Na minha opinião não deve existir nenhuma lei. O que deve mudar é o olhar em relação à tecnologia. A tecnologia deve ser usada como um recurso para a cultura, por exemplo. A tecnologia tem que ser usada dentro da LIC, dentro do Funcriança. Ela tem que ser um recurso. Não precisa de uma grande movimentação para ensinar aplicativos de escritório, pois isso as ONGs já fazem. Agora, como ajudar o jovem de 13 e 14 anos a deixar de evadir a escola, a escrever melhor, a se comunicar melhor, a ter ética? Como um telecentro pode ajudar nisso? Podemos ir pra dentro da LIC e fazer um projeto de cultura com o uso de tecnologia. Por exemplo, um projeto da LIC dentro de um telecentro para produzir vídeos, multimídias sobre a comunidade. O que tem que mudar é a cultura de quem faz os projetos. As empresas que patrocinam os projetos podem exigir que conste o uso da tecnologia nos projetos da LIC que vão apoiar. Podem pegar uma assessoria da UFRGS, da PUC, da Pensamento Digital para saber como usar a tecnologia em determinada faixa etária. Existe um potencial excelente pra isto. São projetos que nós não conseguimos fazer porque não temos recursos, mantenedores.

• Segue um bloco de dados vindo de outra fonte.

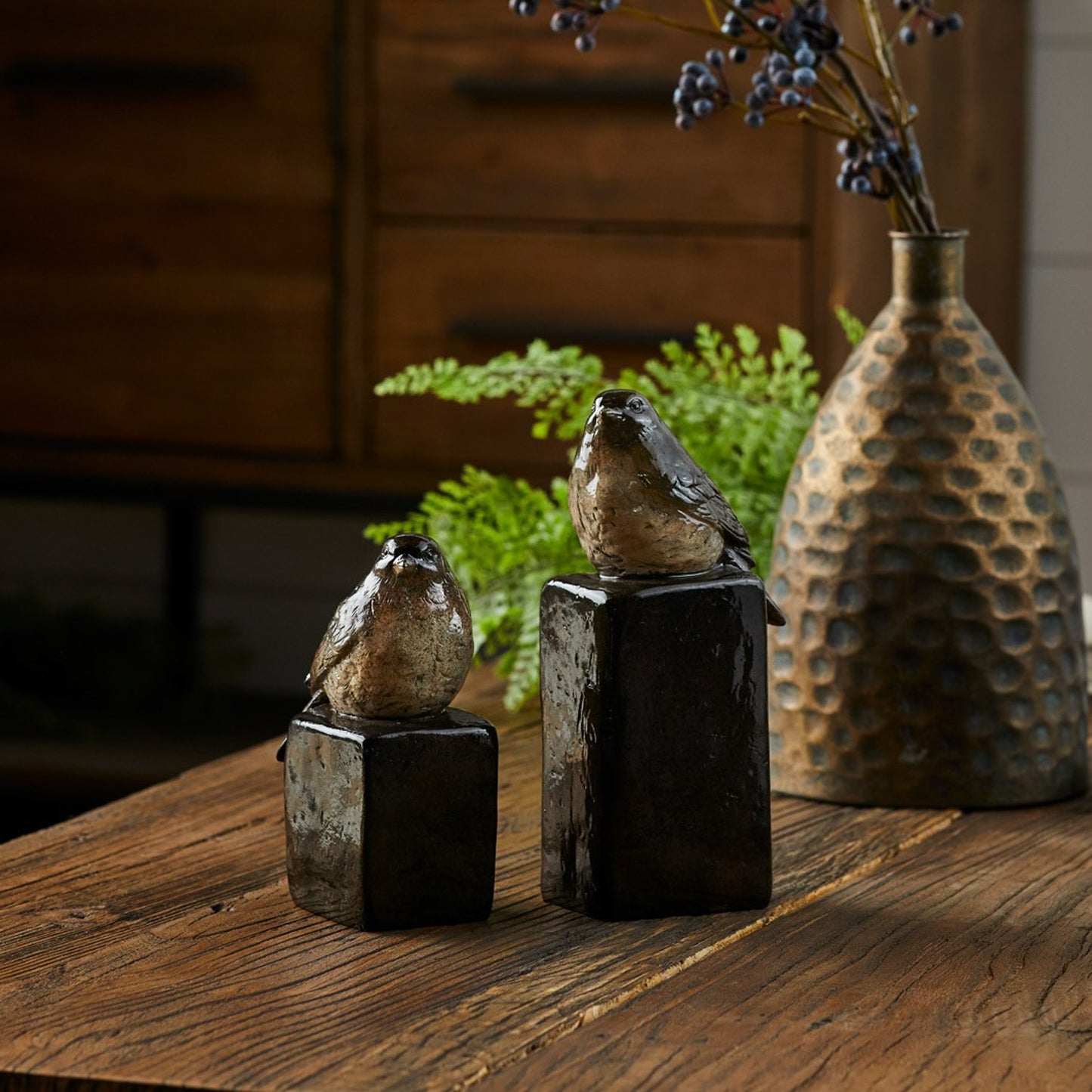 Stone Perched Bird Figurine with Block Weight (Set of 2)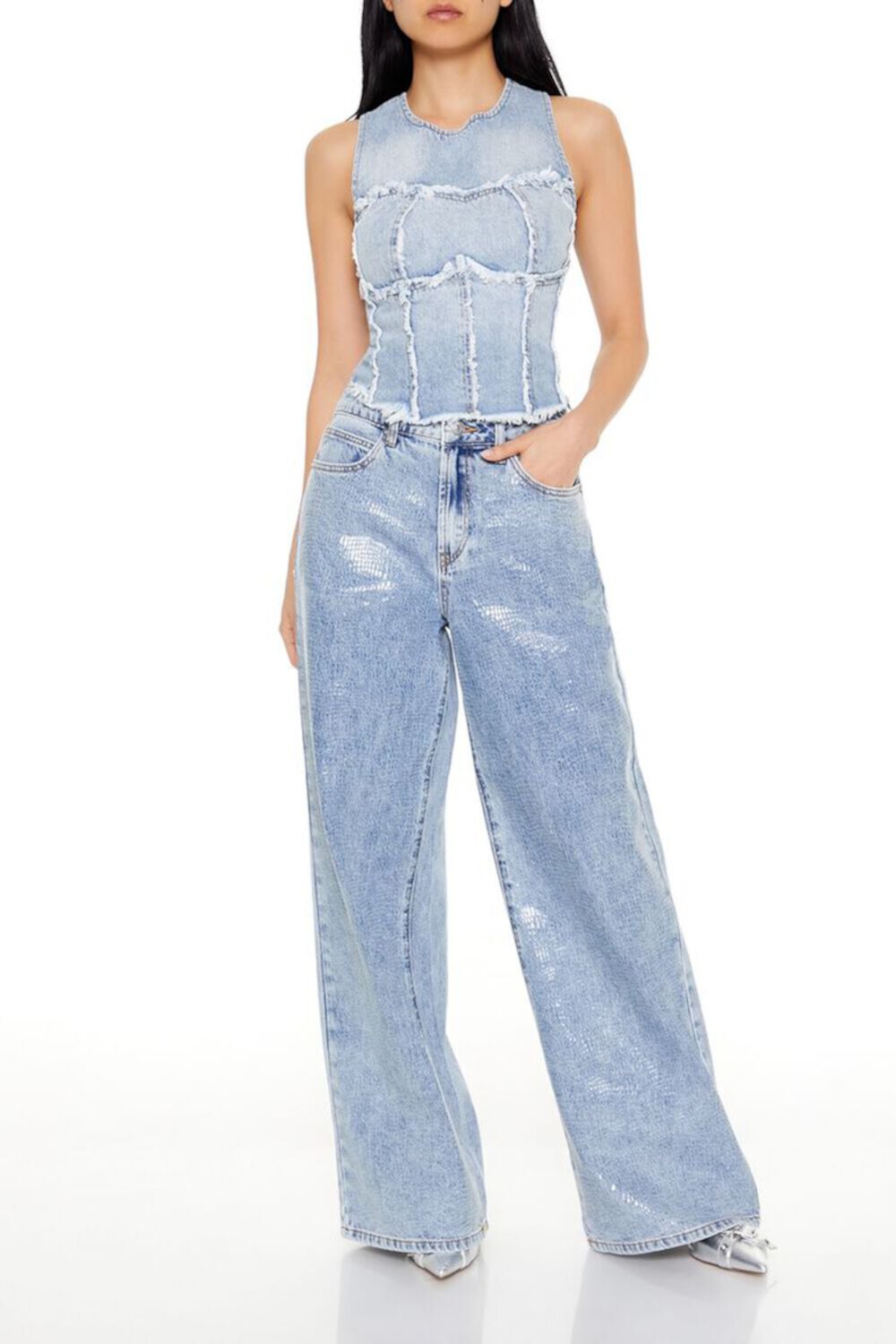 Snake High-Rise Wide-Leg Jeans FOREVER21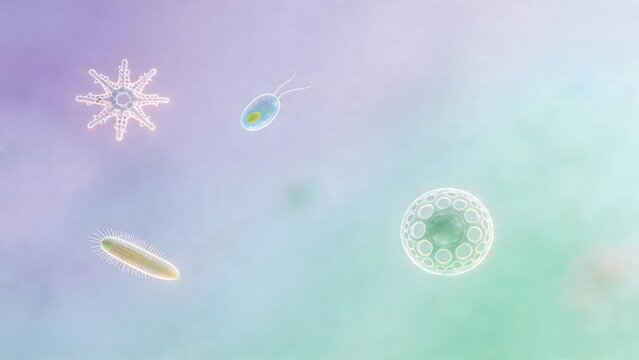 Microscopic organisms in colorful background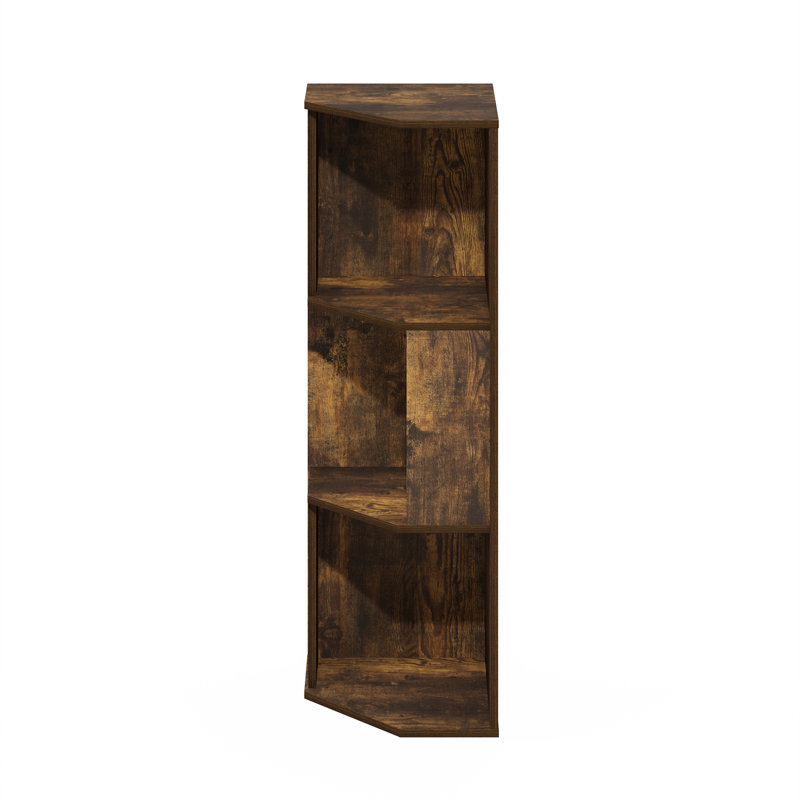Sharee 3-Tier Freestanding Corner Shelf Bookcase, Bookshelf,, Amber Pine
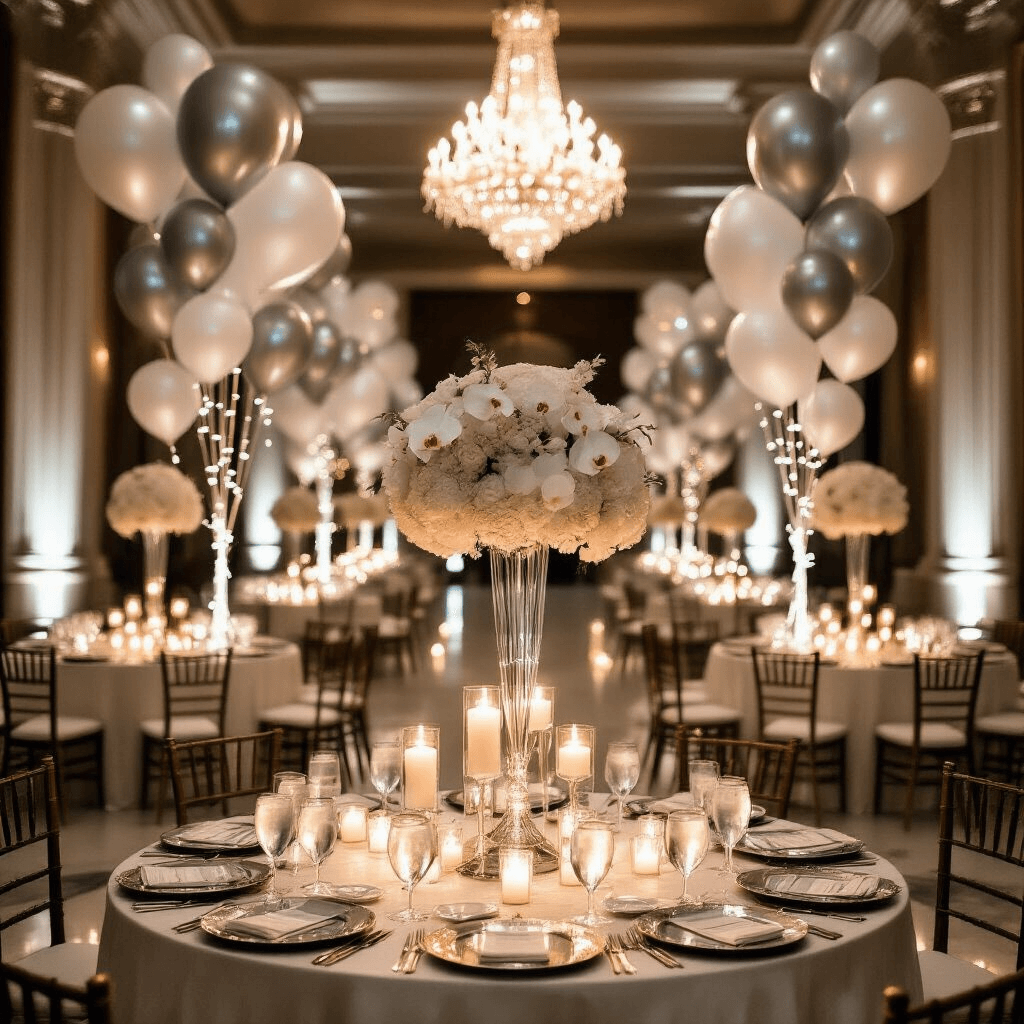 A luxurious indoor ballroom celebration featuring towering silver number balloons at the entrance, illuminated by warm fairy lights and crystal chandeliers, with round ivory silk-draped tables, tall glass centerpieces of white orchids, and flickering candles, all reflecting beautifully on polished marble floors in a moody, elegant atmosphere.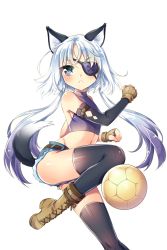 Rule 34 | 1girl, animal ears, ball, black thighhighs, blue shorts, boots, brown footwear, cat ears, clenched hands, denim, denim shorts, eyepatch, fingerless gloves, flat chest, frown, gloves, grey eyes, highres, long hair, looking at viewer, manle, shairan (soccer spirits), short shorts, shorts, soccer ball, soccer spirits, solo, standing, standing on one leg, tail, thighhighs, transparent background, twintails, white hair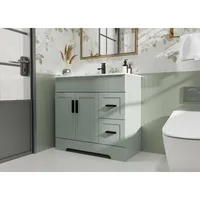 36" Bathroom Vanities Sink Combo with Painted Surface, Drawered Cabinet W/Decorative Wave Lines, Matte Black Faucet Drain, Green 2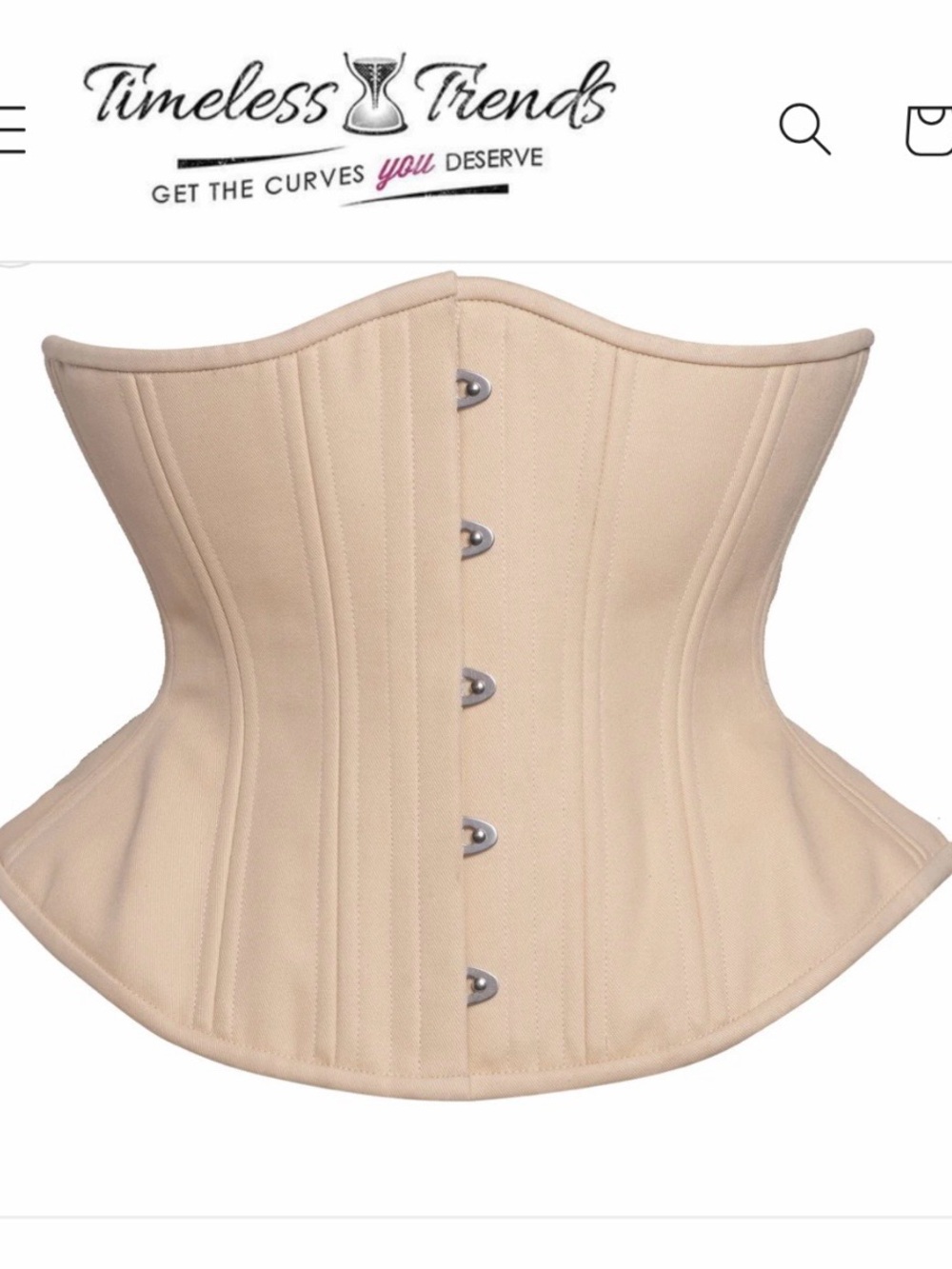 Timeless Trends Conical Rib Hourglass  Under-bust Waist Training Cotton Corset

Quais os planos da Fundação Pensamento Digital para o futuro? O que esperar para os próximos 10 anos?
A Fundação quer ser referência no Brasil no desenvolvimento das habilidades do século XXI a partir do uso da tecnologia na educação. Queremos fundamentar este tema, conceituar, mostrar a importância, mostrar como planejar e avaliar o uso da tecnologia para este objetivo. Estas habilidades são muito importantes para o profissional e cidadão de hoje e não eram tão consideradas na era industrial, onde se priorizava a memorização de fatos e procedimentos pra resolver problemas. Hoje, os problemas borbulham novos a cada momento, então é preciso ser mais criativo, mais colaborativo, interdisciplinar, saber buscar determinada informação num fluxo gigantesco de informações que estão à disposição para resolver o problema. Este cenário muda drasticamente a formação que devemos dar para o jovem. E isto é muito difícil de mudar. A tecnologia é a causa da necessidade desta mudança e também a solução pra conseguir fazer esta mudança. Está faltando conceituar um pouco as coisas, por isso estamos buscando conhecimento lá fora. Nosso objetivo é ser um catalisador, reunir quem está interessado neste tema, organizar este conhecimento e colocar à disposição.